While the present patent application has been illustrated by the above description of the preferred embodiments thereof, while the preferred embodiments have been described in considerable detail, it is not intended to restrict or in any way to limit the scope of the appended claims to such details. Additional advantages and modifications within the spirit and scope of the present patent application will readily appear to those ordinary skilled in the art. Consequently, the present patent application is not limited to the specific details and the illustrative examples as shown and described.

Claims

1. A battery cell of a lithium ion battery, comprising:

a cathode plate and an anode plate spirally wounded together with a separator interposed therebetween,

the cathode plate comprising a cathode current collector and a cathode film containing cathode active material formed on the cathode current collector, the cathode current collector defining an exposed portion without cathode film formed thereon; and

the anode plate comprising an anode current collector and an anode film containing anode active material formed on the anode current collector, the anode current collector defining an exposed portion without anode film formed thereon;

wherein boundary of the exposed portion of the cathode current collector, boundary of the exposed portion of the anode current collector, and area on the anode film of the anode plate corresponding to the boundary of the exposed portion of the cathode current collector each is coated with an insulatively isolating layer containing polymer and oxide particles via coating equipments, to prevent the cathode current collector from contacting the anode film or the anode current collector even though the separator is damaged.

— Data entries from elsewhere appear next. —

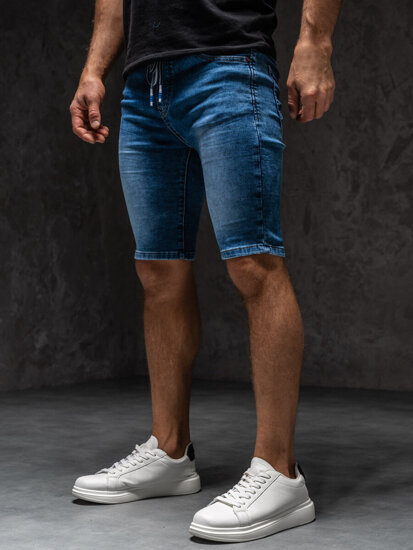 Pantaloncini in denim da uomo blu Bolf TF177A1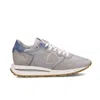 Philippe Model Sneaker Man  - Tropez Haute Low Man - Blue In Blue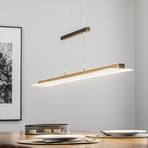 Lindby Wabini LED-hængelampe, nikkel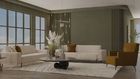 SOFA SET-Loft white SOFA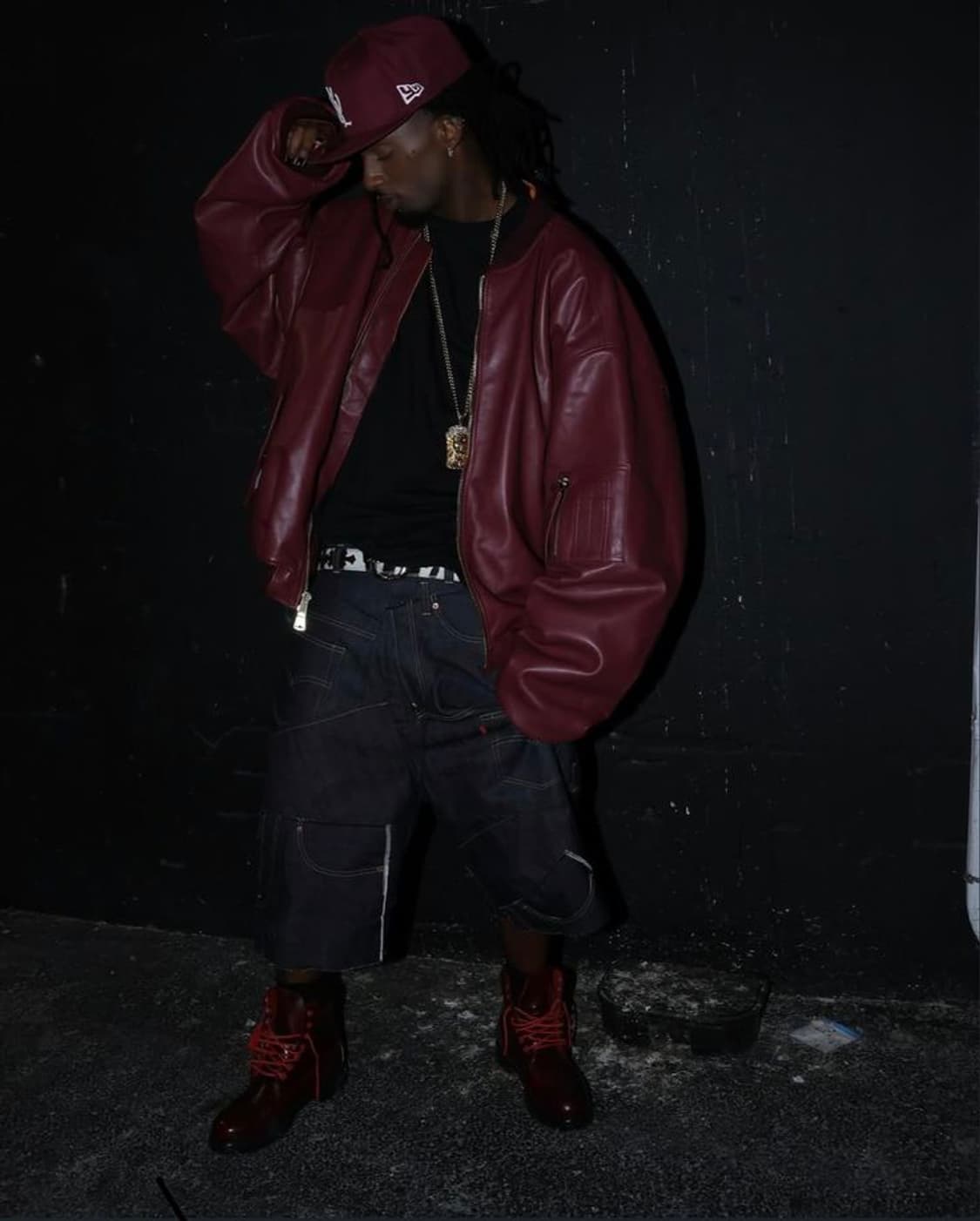 YVL 캡 레드 7 1/2 (59.6cm) 상품이미지2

2. The battery cell of claim 1, wherein the insulatively isolating layer are simultaneously coated with the cathode film or the anode film.

3. The battery cell of claim 1, wherein the polymer of the insulatively isolating layer is selected from a group consisting of polyacrylic acid, polyvinylidene fluoride, styrene butadiene rubber and siloxane.

4. The battery cell of claim 1, wherein the oxide particle in the insulatively isolating layer is selected from a group consisting of Al₂O₃, ZrO, SiO₂and TiO.

5. A battery cell of a lithium ion battery, comprising:

wherein boundary of the exposed portion of the cathode current collector, or boundary of the exposed portion of the anode current collector, or area on the anode film of the anode plate corresponding to the boundary of the exposed portion of the cathode current collector is formed with an insulatively isolating layer.

6. The battery cell of claim 5, wherein the insulatively isolating layer are simultaneously coated with the cathode film or the anode film.

7. The battery cell of claim 5, wherein the insulatively isolating layer is a polymer layer containing oxide particles.

8. The battery cell of claim 7, wherein the polymer of the insulatively isolating layer is selected from a group consisting of polyacrylic acid, polyvinylidene fluoride, styrene butadiene rubber and siloxane.

9. The battery cell of claim 7, wherein the oxide particle in the insulatively isolating layer is selected from a group consisting of Al₂O₃, ZrO, SiO₂and TiO.